**Task**
All lines ahead of the one containing "CLOE WIDE LEG TROUSERS" are to be left out; that line and each one after it, through the end of the records below, are to be duplicated exactly.

***

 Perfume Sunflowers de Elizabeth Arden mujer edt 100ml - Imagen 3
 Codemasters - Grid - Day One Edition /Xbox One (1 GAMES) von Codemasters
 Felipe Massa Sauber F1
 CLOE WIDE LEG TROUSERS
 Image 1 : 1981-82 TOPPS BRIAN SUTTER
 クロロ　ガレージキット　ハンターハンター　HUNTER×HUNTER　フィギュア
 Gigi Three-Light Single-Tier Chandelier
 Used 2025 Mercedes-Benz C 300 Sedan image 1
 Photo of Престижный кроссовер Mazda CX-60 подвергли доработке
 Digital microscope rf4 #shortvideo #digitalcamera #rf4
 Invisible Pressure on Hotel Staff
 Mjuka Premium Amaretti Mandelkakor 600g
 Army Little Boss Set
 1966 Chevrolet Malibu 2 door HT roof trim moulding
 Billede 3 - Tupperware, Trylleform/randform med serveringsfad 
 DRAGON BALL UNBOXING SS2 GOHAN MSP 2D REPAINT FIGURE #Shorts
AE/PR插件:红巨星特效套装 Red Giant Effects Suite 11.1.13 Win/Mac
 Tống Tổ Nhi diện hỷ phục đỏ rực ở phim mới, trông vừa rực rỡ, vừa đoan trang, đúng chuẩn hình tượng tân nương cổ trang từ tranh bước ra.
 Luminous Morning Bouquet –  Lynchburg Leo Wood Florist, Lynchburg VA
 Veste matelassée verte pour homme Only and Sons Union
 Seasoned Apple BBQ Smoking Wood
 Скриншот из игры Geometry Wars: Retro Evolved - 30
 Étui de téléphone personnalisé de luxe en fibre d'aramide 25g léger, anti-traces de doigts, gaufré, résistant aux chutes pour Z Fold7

***

**Reply to the exercise**
 CLOE WIDE LEG TROUSERS
 Image 1 : 1981-82 TOPPS BRIAN SUTTER
 クロロ　ガレージキット　ハンターハンター　HUNTER×HUNTER　フィギュア
 Gigi Three-Light Single-Tier Chandelier
 Used 2025 Mercedes-Benz C 300 Sedan image 1
 Photo of Престижный кроссовер Mazda CX-60 подвергли доработке
 Digital microscope rf4 #shortvideo #digitalcamera #rf4
 Invisible Pressure on Hotel Staff
 Mjuka Premium Amaretti Mandelkakor 600g
 Army Little Boss Set
 1966 Chevrolet Malibu 2 door HT roof trim moulding
 Billede 3 - Tupperware, Trylleform/randform med serveringsfad 
 DRAGON BALL UNBOXING SS2 GOHAN MSP 2D REPAINT FIGURE #Shorts
AE/PR插件:红巨星特效套装 Red Giant Effects Suite 11.1.13 Win/Mac
 Tống Tổ Nhi diện hỷ phục đỏ rực ở phim mới, trông vừa rực rỡ, vừa đoan trang, đúng chuẩn hình tượng tân nương cổ trang từ tranh bước ra.
 Luminous Morning Bouquet –  Lynchburg Leo Wood Florist, Lynchburg VA
 Veste matelassée verte pour homme Only and Sons Union
 Seasoned Apple BBQ Smoking Wood
 Скриншот из игры Geometry Wars: Retro Evolved - 30
 Étui de téléphone personnalisé de luxe en fibre d'aramide 25g léger, anti-traces de doigts, gaufré, résistant aux chutes pour Z Fold7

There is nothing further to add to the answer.